Indian government must address EDCs, says NGO

Chemical Watch

Indian government must address EDCs, says NGO
Toxics Link urges more research into BPA and phthalates
Endocrine disrupting chemicals (EDCs) “have not received adequate attention at the policy level” in India, Piyush Mohapatra of NGO Toxics Link has said.

A better understanding of the health and environmental impacts of EDCs, "such as bisphenol A and phthalates", in India and South Asia should be a priority, he added.

A conference organised by Toxics Link in India, earlier this month, gathered together representatives from the environment, health and chemical ministries, industry, international experts and NGOs.

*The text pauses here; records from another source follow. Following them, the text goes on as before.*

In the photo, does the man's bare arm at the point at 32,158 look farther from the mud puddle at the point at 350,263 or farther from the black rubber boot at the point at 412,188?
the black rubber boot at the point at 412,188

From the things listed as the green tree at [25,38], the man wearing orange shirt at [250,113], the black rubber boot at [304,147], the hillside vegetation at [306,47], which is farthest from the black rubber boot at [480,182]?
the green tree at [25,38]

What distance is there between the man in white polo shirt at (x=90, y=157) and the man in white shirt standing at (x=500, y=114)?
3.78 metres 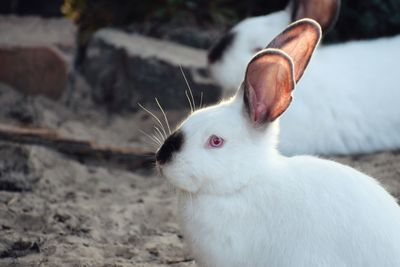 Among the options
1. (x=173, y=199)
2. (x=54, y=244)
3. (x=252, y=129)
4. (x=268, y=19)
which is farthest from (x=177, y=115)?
(x=252, y=129)

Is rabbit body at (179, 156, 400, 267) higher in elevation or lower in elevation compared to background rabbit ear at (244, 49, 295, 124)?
lower

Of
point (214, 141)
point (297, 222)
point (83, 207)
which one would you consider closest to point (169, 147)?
point (214, 141)

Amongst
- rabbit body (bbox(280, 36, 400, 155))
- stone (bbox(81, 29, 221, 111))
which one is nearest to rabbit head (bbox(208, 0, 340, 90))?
rabbit body (bbox(280, 36, 400, 155))

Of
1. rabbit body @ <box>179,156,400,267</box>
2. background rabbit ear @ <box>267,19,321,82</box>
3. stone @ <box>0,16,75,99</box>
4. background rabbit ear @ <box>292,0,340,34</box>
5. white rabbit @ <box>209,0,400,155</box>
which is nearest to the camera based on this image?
rabbit body @ <box>179,156,400,267</box>

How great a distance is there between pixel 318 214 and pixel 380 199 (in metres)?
0.25

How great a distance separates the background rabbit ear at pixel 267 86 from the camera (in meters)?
3.05

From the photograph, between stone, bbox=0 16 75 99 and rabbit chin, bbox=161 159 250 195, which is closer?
rabbit chin, bbox=161 159 250 195

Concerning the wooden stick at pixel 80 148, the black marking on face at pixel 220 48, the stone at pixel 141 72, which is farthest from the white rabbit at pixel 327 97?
the stone at pixel 141 72

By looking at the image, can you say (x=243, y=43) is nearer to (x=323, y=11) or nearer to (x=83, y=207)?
(x=323, y=11)

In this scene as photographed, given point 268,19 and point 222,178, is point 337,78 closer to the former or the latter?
point 268,19

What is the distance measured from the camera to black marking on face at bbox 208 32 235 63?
548 centimetres

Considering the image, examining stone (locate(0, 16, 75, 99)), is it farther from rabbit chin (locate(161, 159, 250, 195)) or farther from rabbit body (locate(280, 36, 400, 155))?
rabbit chin (locate(161, 159, 250, 195))

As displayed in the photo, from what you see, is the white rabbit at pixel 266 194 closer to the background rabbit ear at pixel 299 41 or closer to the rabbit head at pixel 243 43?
the background rabbit ear at pixel 299 41

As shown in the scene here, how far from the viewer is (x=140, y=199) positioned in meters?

Mr Mohapatra said the conference had helped the ministries understand the actions that need to be taken.

Some regulations to phase out the use of BPA in baby feeding bottles in India have been drafted, but not finalised, Mr Mohapatra said.

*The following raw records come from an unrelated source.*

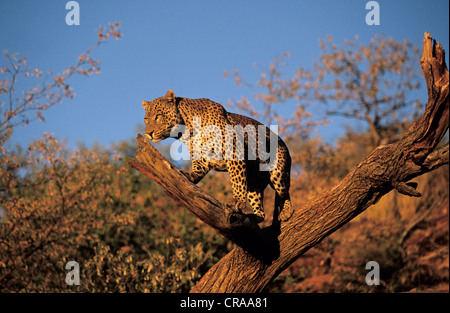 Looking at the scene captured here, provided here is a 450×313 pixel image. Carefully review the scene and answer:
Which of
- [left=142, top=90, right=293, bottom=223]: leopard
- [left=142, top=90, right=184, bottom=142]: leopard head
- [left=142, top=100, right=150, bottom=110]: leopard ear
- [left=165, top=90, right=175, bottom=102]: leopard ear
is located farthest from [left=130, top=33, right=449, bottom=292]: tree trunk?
[left=165, top=90, right=175, bottom=102]: leopard ear

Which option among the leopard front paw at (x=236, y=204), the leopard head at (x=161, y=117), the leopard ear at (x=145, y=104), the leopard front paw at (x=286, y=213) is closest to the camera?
the leopard front paw at (x=236, y=204)

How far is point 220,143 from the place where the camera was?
5.89 meters

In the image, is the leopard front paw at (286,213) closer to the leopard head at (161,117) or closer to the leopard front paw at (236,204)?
the leopard front paw at (236,204)

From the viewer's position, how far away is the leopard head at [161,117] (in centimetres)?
573

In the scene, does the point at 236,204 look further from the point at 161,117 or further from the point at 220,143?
the point at 161,117

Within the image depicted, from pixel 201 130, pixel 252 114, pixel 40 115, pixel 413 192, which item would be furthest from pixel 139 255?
pixel 413 192

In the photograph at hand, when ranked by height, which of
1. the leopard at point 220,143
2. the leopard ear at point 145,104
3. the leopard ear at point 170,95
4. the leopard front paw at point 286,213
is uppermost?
the leopard ear at point 170,95

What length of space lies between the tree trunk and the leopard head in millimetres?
330

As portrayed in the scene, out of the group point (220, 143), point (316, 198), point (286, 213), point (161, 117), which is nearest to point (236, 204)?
point (220, 143)

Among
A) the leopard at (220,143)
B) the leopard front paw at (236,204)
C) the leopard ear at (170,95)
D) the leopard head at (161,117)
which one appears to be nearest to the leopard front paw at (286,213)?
the leopard at (220,143)

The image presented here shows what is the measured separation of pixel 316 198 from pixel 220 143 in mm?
1502

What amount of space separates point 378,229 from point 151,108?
46.9 feet

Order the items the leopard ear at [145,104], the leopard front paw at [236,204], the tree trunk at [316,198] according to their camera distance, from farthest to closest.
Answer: the leopard ear at [145,104], the leopard front paw at [236,204], the tree trunk at [316,198] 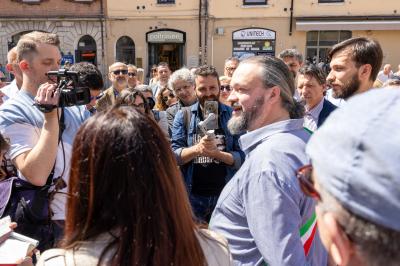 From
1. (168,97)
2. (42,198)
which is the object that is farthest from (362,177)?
(168,97)

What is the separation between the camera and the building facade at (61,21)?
63.2 feet

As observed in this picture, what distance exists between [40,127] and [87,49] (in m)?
18.7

Phthalates and triclosan are not banned in India. But the Bureau of Indian Standards has restricted the following phthalates in cosmetic raw materials:

dibutyl phthalate (DBP);
di (2-ethylhexyl) phthalate (DEHP);
bis(2-Methoxyethyl) phthalate;
isopentyl phthalate; and
benzyl butyl phthalate (BBP).
These are listed as substances of very high concern (SVHC) in the EU, and included in the candidate list for authorisation.

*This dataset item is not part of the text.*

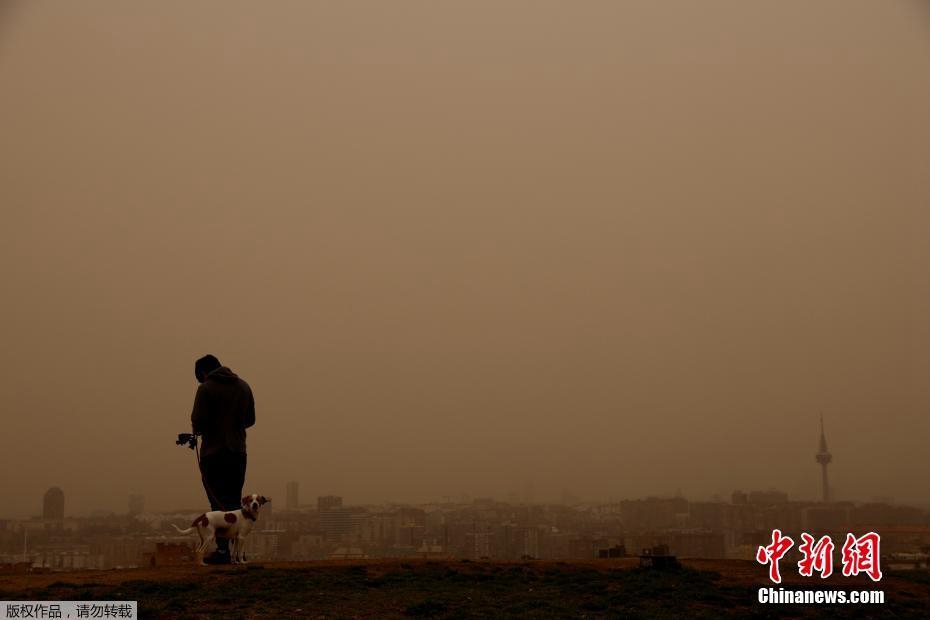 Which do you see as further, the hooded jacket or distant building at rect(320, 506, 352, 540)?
distant building at rect(320, 506, 352, 540)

In India, triclosan is restricted in preservatives used in cosmetic raw ingredients. The maximum permissible content is 0.3%.

Toxics Link is also looking at the impact of EDCs in neighbouring countries such as Nepal, Bangladesh, Sri Lanka and Bhutan. Mr Mohapatra said a lack of capacity was contributing to slow development in these countries. This includes too few research establishments, laboratories and manufacturing units.

The Strategic Approach to International Chemicals Management (Saicm) considers EDCs an “emerging policy issue”. While many countries are taking action to mitigate their dangers, the issue is “not in the public domain in India, and there is very little information and data available”, Mr Mohapatra said.

International scientific organisation, the Endocrine Society, says evidence that some chemicals disrupt hormones and cause a range of serious health problems has become more compelling.

In September last year, the organisation published a review of evidence that concludes exposure to chemicals, such as BPA, phthalates, flame retardants and pesticides, is associated with a range of diseases.